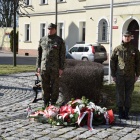 zdjęcie nr 14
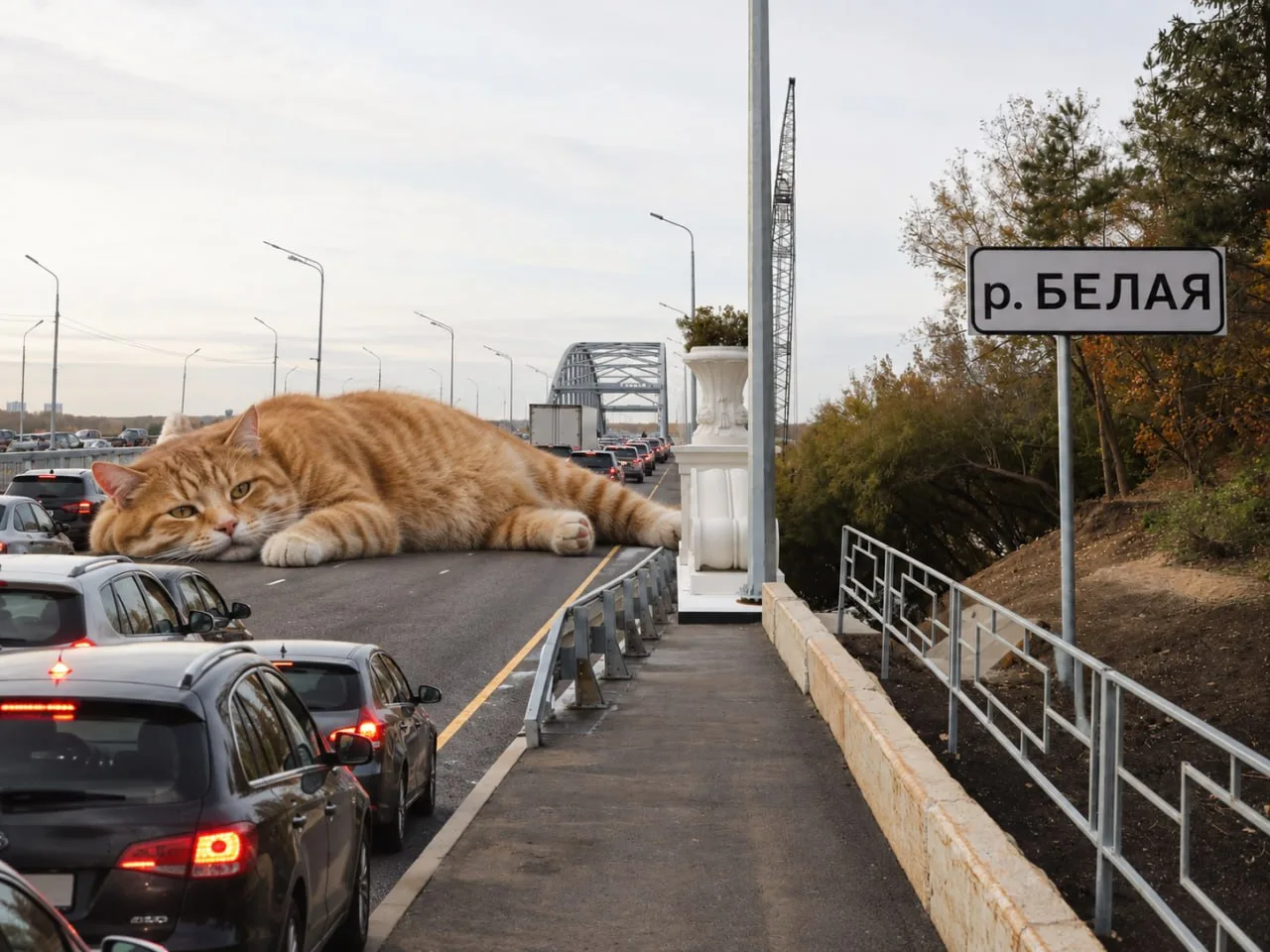 ⛔️ В Уфе из-за гигантского кота дорожных работ частично перекроют арочный мост через ре...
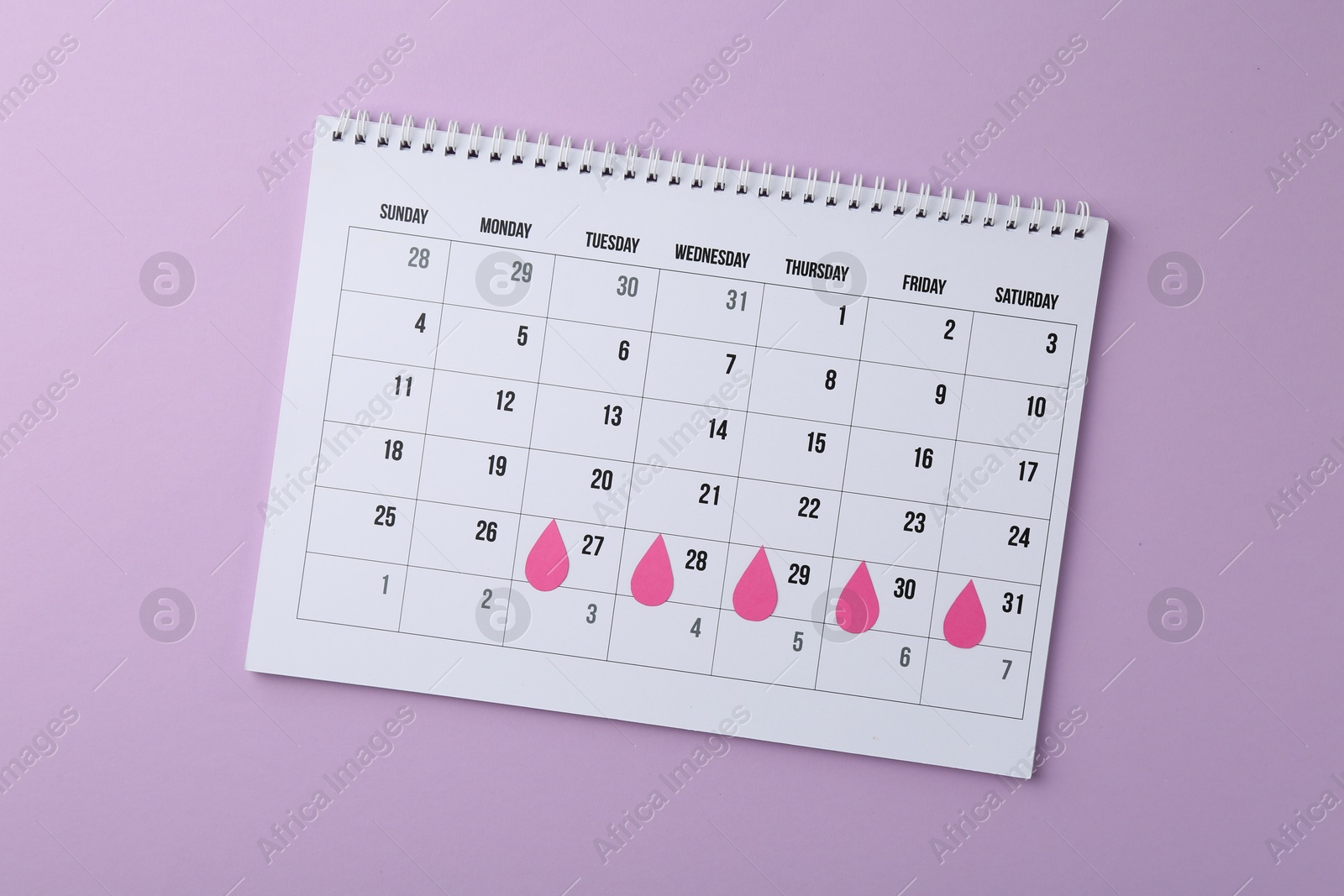 Photo of Menstruation. Calendar with marked dates on violet background, top view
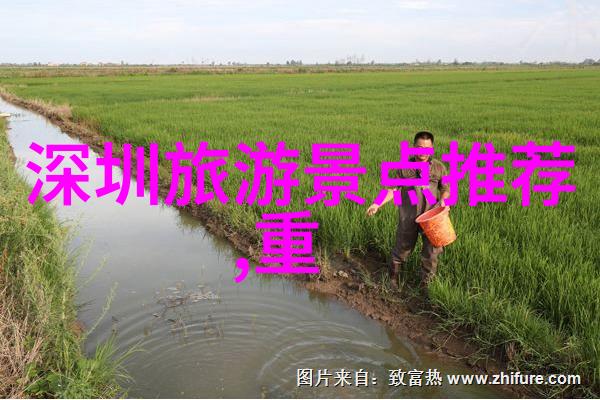 旅游新星闪耀秘境探索公园开启前夜票售罢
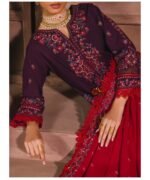 ESHAISHA NEPS KARANDI  WINTER COLLECTION EA-LW-5569 - Image 2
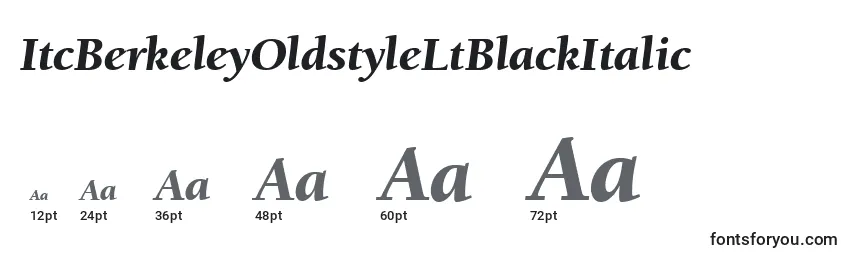 ItcBerkeleyOldstyleLtBlackItalic Font Sizes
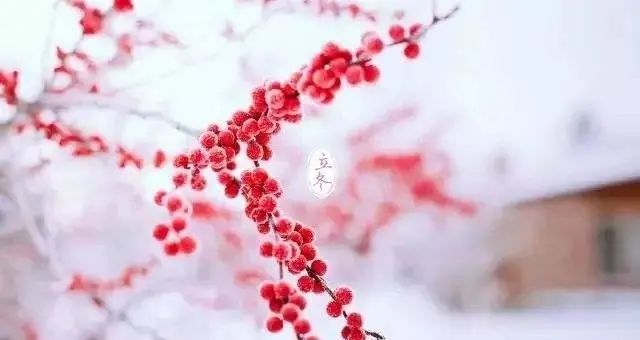 中国诗词大会：几首立冬诗，一个名妓恋才子故事，望警醒人世温暖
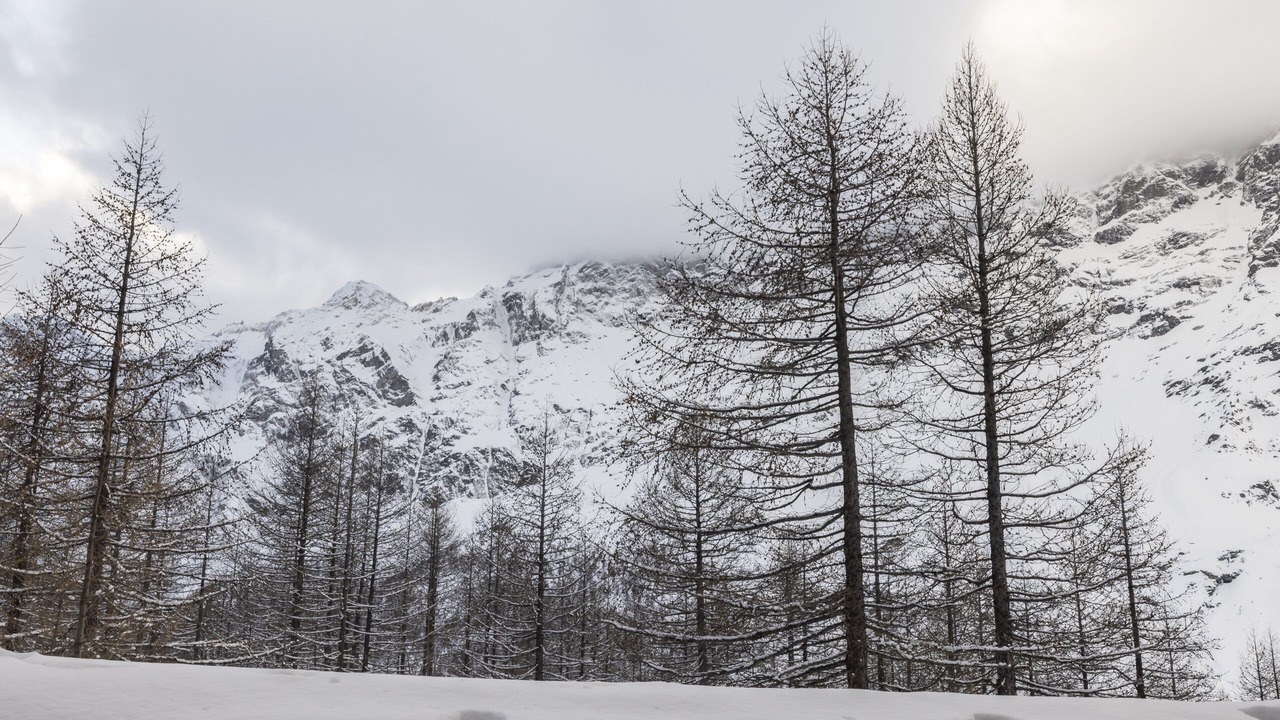 Photo of Others in Cervinia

Task statement — Each line of the data above is to be output exactly; the pictures are not to appear.

Written solution —
 zdjęcie nr 14
 ⛔️ В Уфе из-за гигантского кота дорожных работ частично перекроют арочный мост через ре...
 Photo of Menstruation. Calendar with marked dates on violet background, top view
 旅游新星闪耀秘境探索公园开启前夜票售罢
 ESHAISHA NEPS KARANDI  WINTER COLLECTION EA-LW-5569 - Image 2
 ItcBerkeleyOldstyleLtBlackItalic Font Sizes
 中国诗词大会：几首立冬诗，一个名妓恋才子故事，望警醒人世温暖
 Photo of Others in Cervinia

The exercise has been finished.